If the South had won independence, there might be statues of Grant in Richmond and Lee in wherever the USA capital would now be, and both nation’s war colleges would probably admire each of them equally. Statues of Lincoln and Davis, maybe not so much.

Are you sure about that? No study of the blitzkrieg, or Napolean, or Hannibal, or the American effort in Vietnam? That cuts off a lot of potentially valuable lessons and insights.

How we view history changes over time. No monuments, paintings, sculpture etc. are worthy for all time simply because someone once thought they were.

The War College example is a bit different from having public parks, highways, schools and so on named for Confederate leaders where the public is expected to tolerate seeing them constantly and paying for their upkeep.

If Lee and Jackson’s military strategies are worthy of being taught to army officers, fine.

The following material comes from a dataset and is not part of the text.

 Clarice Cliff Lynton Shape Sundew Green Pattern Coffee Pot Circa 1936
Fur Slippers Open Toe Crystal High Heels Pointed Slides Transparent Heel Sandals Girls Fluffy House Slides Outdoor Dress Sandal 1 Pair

It’s hard to see why their paintings shouldn’t go into storage or be sold to the Sons and Daughters of the South Gonna Do It Agin, so they can genuflect to them on their own private property.

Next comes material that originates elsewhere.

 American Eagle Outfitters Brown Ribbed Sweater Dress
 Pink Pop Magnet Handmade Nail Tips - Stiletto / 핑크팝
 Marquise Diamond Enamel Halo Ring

Should they be honoured less because they lost? Because that seems to be how Americans view their history. Victorious rebels? Yay! Defeated rebels? Boo!

But not so strange that it honors accomplished leaders from a region that has traditionally provided much of its military personnel - and whose political leaders since Reconstruction have been a susceptible to flattery as anyone. Senate committee chairs were disproportionately held by Southerners for many years, more to the point.

I think its good too. I’m never convinced by those who claim its history or heritage that we should keep these things around unchanged. Sure, learn history, but there’s no need to honor them. I think I read an article the other day that a Florida high school named after noted Confederate officer and KKK member Nathan Bedford Forrest was to have its name changed, and the typical reactionaries say their predictable stuff about history.

We can have history, we can learn about Forrest, but we don’t need statues or schools named in his honor. Having your name on a public building, unless its a sewage plant, is an honor, one that ill fits a Confederate racist

Um, yes? Seriously, how many other countries honor defeated rebels—i.e., traitors—in this manner? Cromwell won, at first. I can’t think of too many examples where someone committing treason within a country got honored the way the U.S. does for Confederate leaders. Hussain ibn Ali maybe, for certain values of “country”?

Losing has always been the greatest sin in warfare. I think ElvisL1ves has it, for the reasons why the U.S. has continued to do honor these guys. I’ve no problem with the War College continuing to hang their portraits as examples of exemplary American generalship, though, if they were honest, they’d hang Forrest’s painting too.

True, the Civil War was different. While most wars have been over essentially nothing more than whether We or They would get to stick their colored rag in some piece of dirt, a few have been about something more important, something we now see as worth dying for. Other wars can be dismissed later on as family squabbles, but the Civil War cannot - it really was a rare case where one side was generally on the side of Right, and the other the side of Wrong, and yes, there’s an element of unfairness to that but that’s still the big picture.

Even though Lee and Jackson were Americans doing what they *thought *was right and patriotic, the judgment of history is that they were not, that the cause they fought for was Wrong, and that isn’t going to change.